Pangsapuri Taman Industri Lembah Jaya management corporation chairman Budiman Taib said residents were looking forward to utilising their communal space.
“Many of the residents are former villagers who were relocated here in 2005 and have known each other since the 1990s.
“But with a lack of space here to interact, we lost touch.
“Now, however, we have a comfortable space and for now, we will monitor the usage so that it does not become overcrowded,” he said, adding that there were about 2,000 residents at the flats.
A secret garden
In Taman Kelab Ukay, Ampang, a group of residents created their own community garden a year into the Covid-19 pandemic.
Zahrin Ishak said they had discovered a unique spot within their neighbourhood that had previously been obscured by secondary vegetation.
“We have been living here for more than 20 years and it was only early this year that we realised there was a 2ha green space, and even a small man-made lake.
“We were told that the land was in the process of being handed over to the state government by the developer.”
While waiting for the handover process, the residents received verbal approval from the developer to turn the space into a community garden.
“They also submitted a request to Ampang Jaya Municipal Council (MPAJ) to utilise the space.
The residents set up the Taman Kelab Ukay Community Garden Association in an effort to better manage the project.
Zahrin, who serves as the association’s secretary general, said residents cleared the space of undergrowth and started a vegetable patch.
They also populated the lake with fish in just a few short months.
To date, they have planted 200 pineapple plants, 70 chilli plants and various herbs and vegetables.
A few residents have also donated about 2,000 young tilapia and patin fish.
“With people stuck indoors for a lengthy amount of time because of Covid-19, the garden has become a place for interaction while enabling everyone to still practise all SOP.
“We are all a little happier since we started this garden,” Zahrin added.
Residents got together to do the cleaning up; even 69-year-old Lawrence Lim enthusiastically waded into the lake to clear away massive amounts of rubbish.
“It took several days, but it felt good to see it all cleared,” said Lim.
The garden was also a chance for Ruzaini Abdul Manap, 57, to channel her passion for gardening.
“We do not have much space within our homes.
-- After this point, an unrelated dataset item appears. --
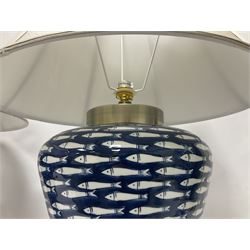 Pair of large lamps of tapering form, decorated in blue myriad fish pattern, on brushed chrome pedestals, including shade H75cm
Here, we can be involved with something bigger.”
Meanwhile, MPAJ press relations officer Norhayati Ahmad said they had received the residents’ request to set up the garden but approval was delayed as Selangor had earlier been under NRP Phase 1.
“MPAJ, however, has no objections against the request and will be contacting the association.
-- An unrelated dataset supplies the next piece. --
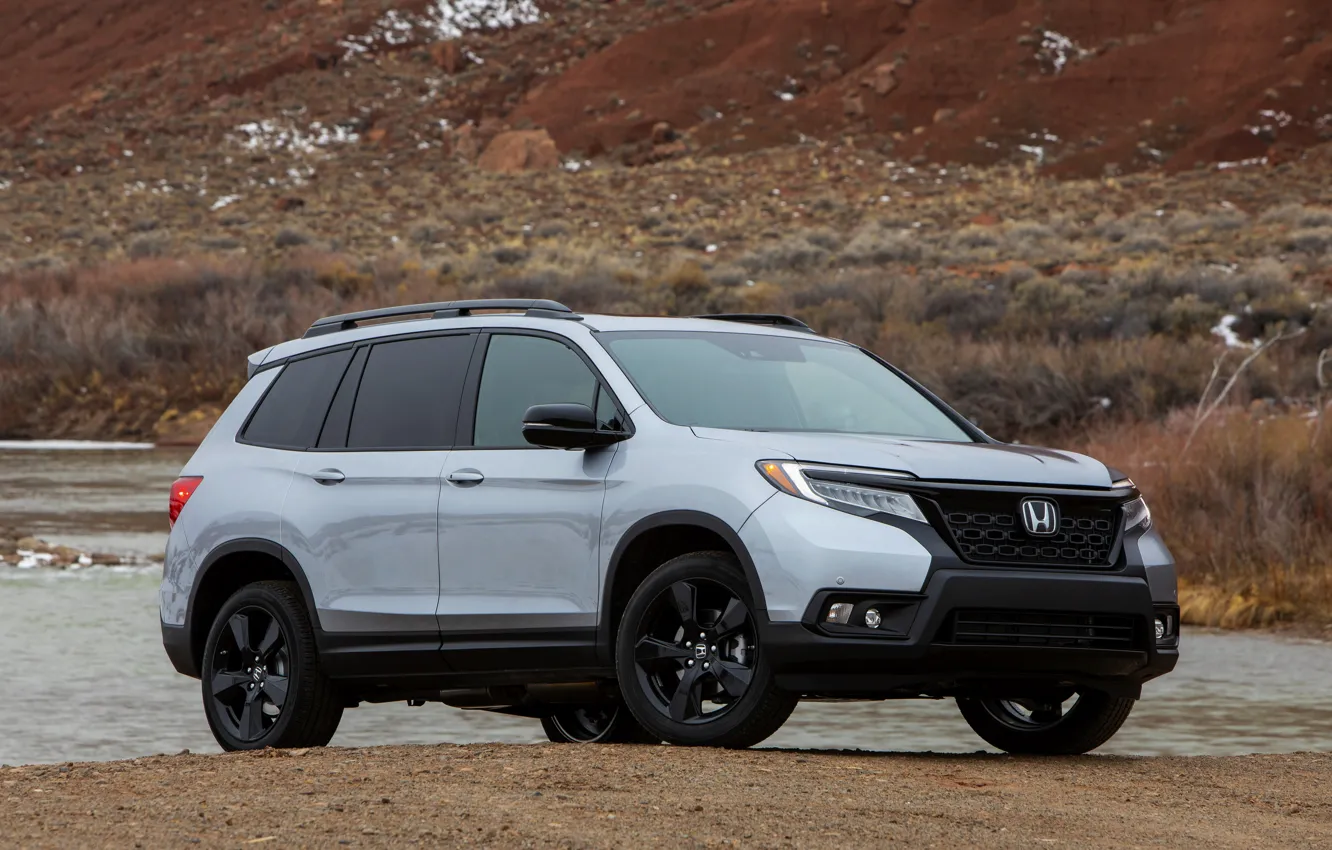 Фото обои берег, склон, Honda, водоём, 2019, Passport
“The usual SOP for setting up a community garden is to submit a request to the council, which will be followed by a site visit and working paper.
“If the request is approved, then activities can start and it will officially be a community garden registered under MPAJ,” she elaborated.
She said some of the considerations that would be looked into included suitability of the site, which should be an open space or vacant land that could be cultivated as an edible garden.
Those located on children’s playgrounds, recreational parks and road reserves are deemed unsuitable.
Norhayati added that sites located on individual or private land would need the owner’s approval prior to submission of the application.
As of Sept 7, there were 45 registered and active community gardens within MPAJ’s jurisdiction.